The Condors trailed, 3-1, when Ermilio came on in relief to begin the seventh inning. He shut out Citrus the rest of the way and first baseman Robert Avila hit a three-run homer in the eighth to give Oxnard a 4-3 victory.

"Going in, I didn't know what to expect," Larson said. "He shut them down. I was very pleased."

And so began his winning streak, which included an 8 2/3-inning, 145-pitch effort against Cerro Coso.

Although he lost to Pierce and Cuesta in his most recent starts and is showing signs of a tired arm, Ermilio leads the team with 45 innings pitched. He has a 4.74 earned-run average, significantly better than the staff ERA of 6.34.

"I haven't had a game where I've pitched that well," he said. "I'm disappointed in my personal performance."

His teammates are less harsh with their assessments. Along with fellow right-handers Brody Reyes and Rick Garcia, Ermilio has provided enough solid innings for hard-hitting Oxnard to stay in games.

The Condors are batting .327.

"When the season started I didn't think we had a guy whose shoulders we could jump on and ride to victory," said shortstop Jess Sanchez, the Condors' only returning starter. "Ermilio has been close to that."
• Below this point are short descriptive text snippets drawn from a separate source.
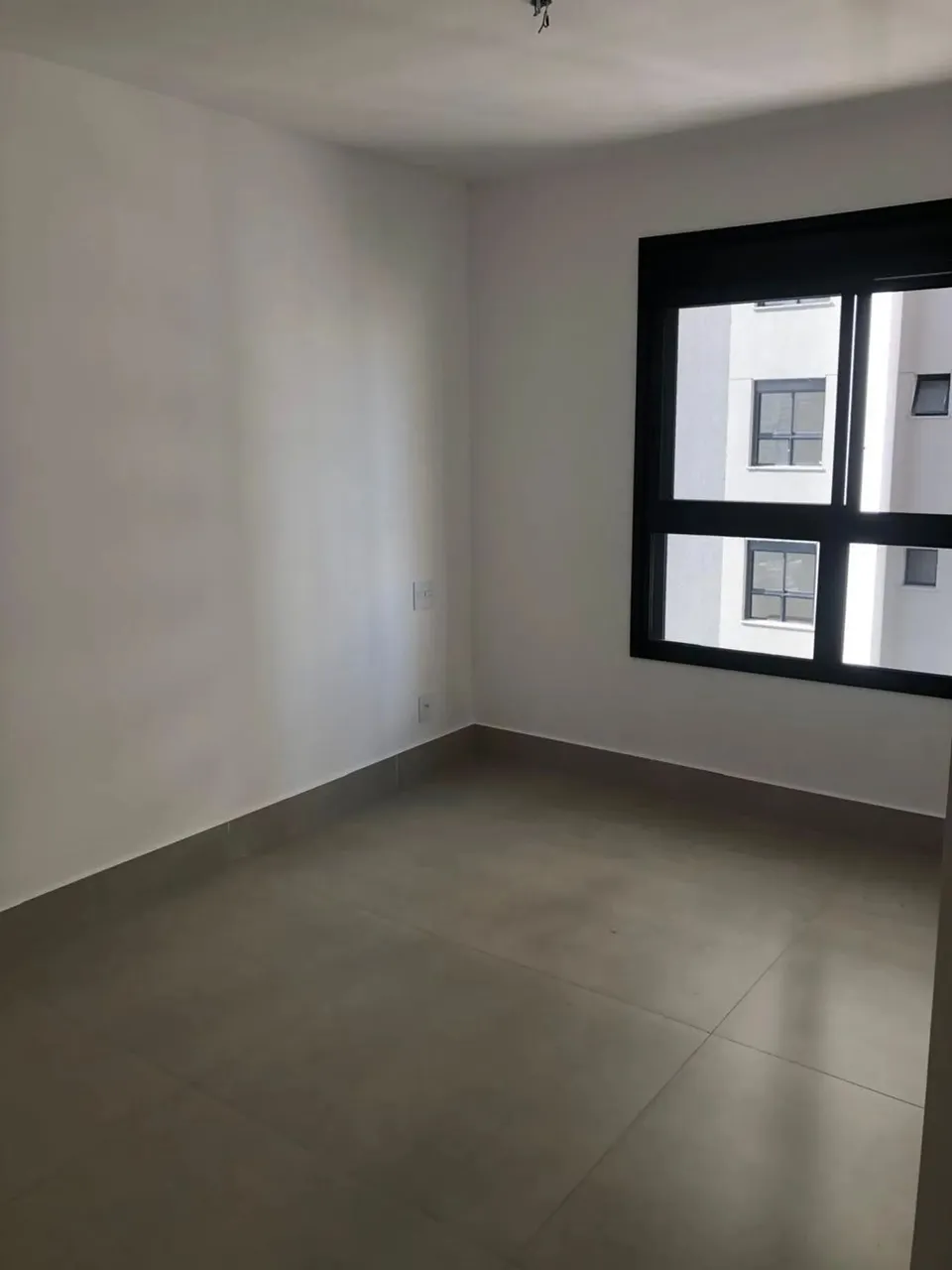 Studio no setor Bueno disponível para aluguel (nunca habitado)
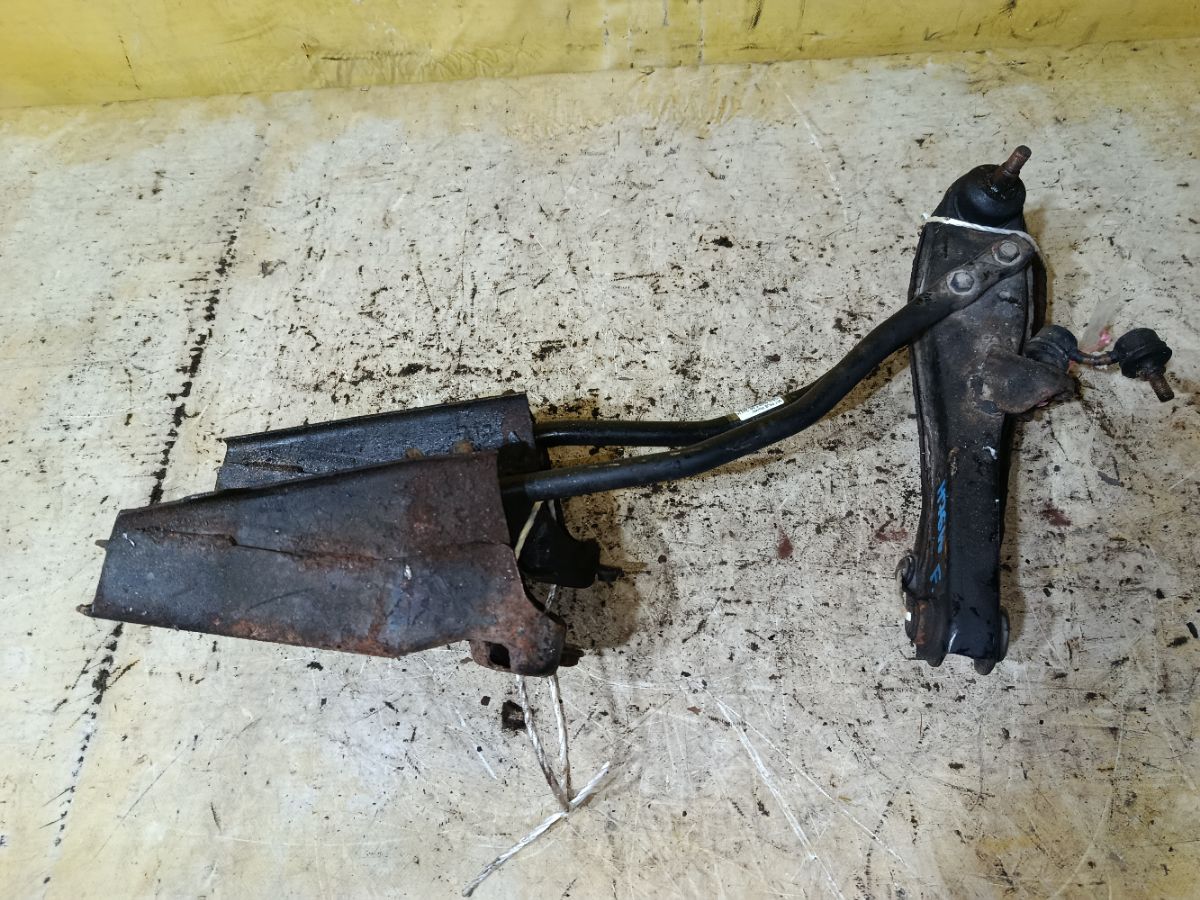 Рычаг на Mitsubishi Pajero Io H76W 4G93 Фото 1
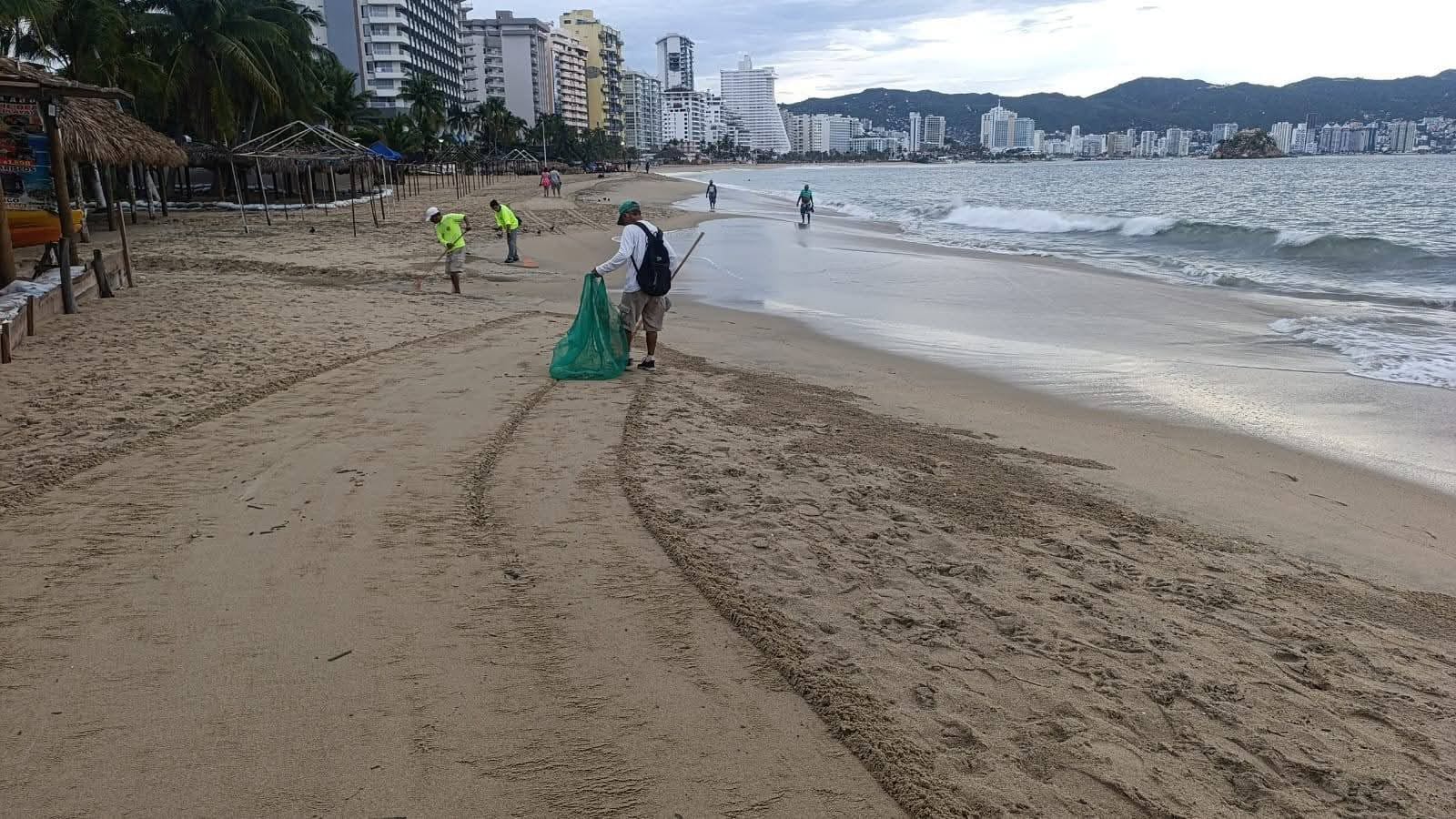 Inician labores de limpieza en playas de Acapulco por instrucciones de la gobernadora Evelyn Salgado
Ermilio also offers younger teammates perspective. He has failed, rebounded and proven the power of resiliency.

When Ermilio tried out at Pierce in 1994 and quit one day after making the team by the skin of his teeth, he shuddered at the prospect of telling his father, Joe, a former minor leaguer who coached his son in youth leagues.

"He pushed me real hard, that's where I get my drive," Ermilio said.

"The toughest thing I ever did was tell him I wasn't going to play at Pierce. I was very much afraid of what his reaction would be. He was upset at first, but he came to accept it.

"Now he comes to games and can just enjoy them. He's thankful I didn't totally give up."

Ermilio possesses a similar passion for screenwriting. He wrote his first script in high school and last year studied film at UC Santa Barbara, where he won an award for a screenplay titled "Jacob."

He continues to write and is producing songs by his sister, Shere, with whom he lives in Woodland Hills.

The baseball season is providing him with decent writing material. Six years after graduating from high school, a banged-up former catcher takes the mound for the first time and helps a plucky band of ballplayers taste glory.

"The ending hasn't been written yet," Ermilio said with a smile. "We'll see how it plays out."